1.2.1 The nuclear pore complex: Structure, function and the nucleocytoplasmic transport pathway

A cornerstone of eukaryotic cell-biology is the compartmentalization of cellular components. A eukaryotic cell is primarily compartmentalized into two components the nucleus, which is a double membrane bound enclosure that harbors DNA/genetic information, surrounded by the cytosol, which constitutes an aqueous milieu containing the essential bio-molecules required for cellular function. Transport of molecules from the cytoplasm to the nucleus and vice-versa is crucial for cellular homeostasis. The nuclear envelope is decorated with several nuclear pore complexes (NPCs), which are giant macromolecular complexes that serve as the sole conduit for transport of molecules across the nuclear envelope between the nucleus and cytoplasm45.
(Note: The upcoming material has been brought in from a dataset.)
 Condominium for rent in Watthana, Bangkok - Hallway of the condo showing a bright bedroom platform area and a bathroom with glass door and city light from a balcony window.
The NPC with a size of 120 MDa is the largest macromolecular complex in the eukaryotic cell. Since long the NPC had been known in the literature to have a ring like architecture with an apparent 8 fold rotational symmetry46. Recent developments in cryo-EM have resulted in visualization of the NPC structure with unprecedented details47,48,49 . The basic framework of the NPC structure includes three rings the inner ring, the nuclear ring and the cytoplasmic ring. The inner ring lies at the juncture of the outer and inner nuclear membrane and anchors the nuclear and cytoplasmic rings towards the nuclear and cytoplasmic sides respectively. The nuclear and the cytoplasmic rings bear extensions known as the cytoplasmic filaments and the nuclear basket respectively. The NPC structure is formed by 30 different proteins known as nucleoporins (Nups) which are present in multiple copies; the copy numbers always being a multiple of 847,48. A striking feature of all cryo-EM maps of the NPC is big central hole, ~27 nm in diameter at the narrowest, which might mislead one to think that the NPC really constitutes a hole in the nuclear envelope allowing molecular exchange. In reality the apparent hole is filled with a very high density IDPs. About 1/3 of Nups bears IDP extensions and are known as FG-Nucleoporins (FG-Nups)50,51. These disordered FG-Nups extend from the NPC scaffold structure and forms the permeability barrier of the NPC.
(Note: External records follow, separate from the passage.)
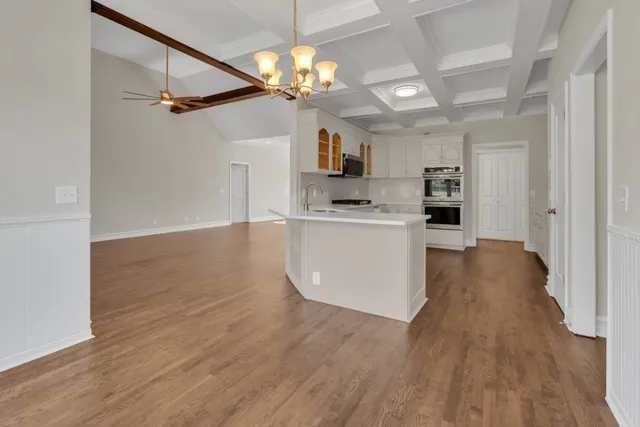 a view of a kitchen with a sink a refrigerator and cabinets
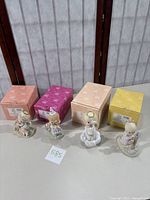 Four Precious Moments figurines displayed in front of their original boxes, showing the full collection.
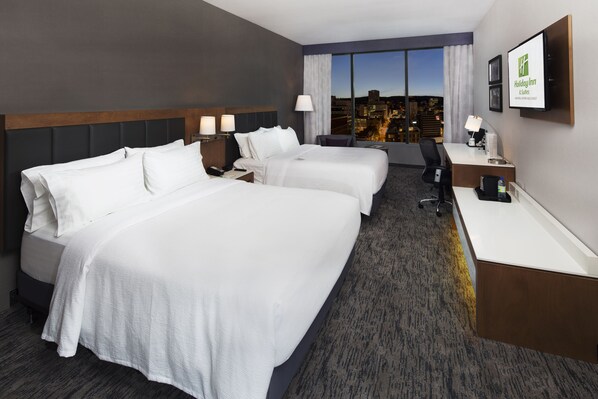 Habitación de hotel con dos camas, un escritorio y un ventanal grande con vistas a la ciudad.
The nucleocytoplasmic transport is a highly regulated process; the regulation being important for maintenance of cellular homeostasis. Key to the regulatory function of the NPC is the permeability barrier formed by the disordered FG-Nups. The NPC acts as a size selective filter that allows free passage of cargoes below a size threshold of ~40kDa. Above this size threshold transport across the NPC necessities recognition of the cargo by molecules known as nuclear transport receptors (NTRs) which chaperones the molecule across the NPC. Interaction between the disordered FG-Nups and the NTRs forms the basis of NTR aided nucleocytoplasmic transport of cargoes52.
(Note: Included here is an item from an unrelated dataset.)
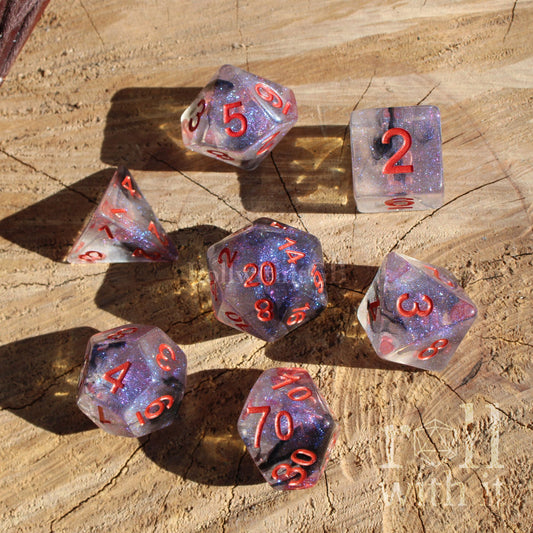 Set of 7 purple dark goth aesthetic polyhedral D&D dice with red numbers on a wooden surface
While the translocation across the permeability barrier of the pore does not require energy but the directionality of export or import across the NPC is maintained by a RanGTP/GDP gradient formed across the NPC52. Ran is a small GTPase; RanGTP is in excess on the nuclear side and RanGDP on the cytoplasmic side. The NTRs depending on whether they are involved in import (importins) or export (exportins) are differentially regulated by RanGTP and this governs the directionality of the transport. Nucleocytoplasmic transport involves three key steps which are recognition of the cargo by NTR, translocation of the NTR/cargo complex across the permeability barrier and release of the cargo from the NTR on either the nuclear or cytoplasmic side.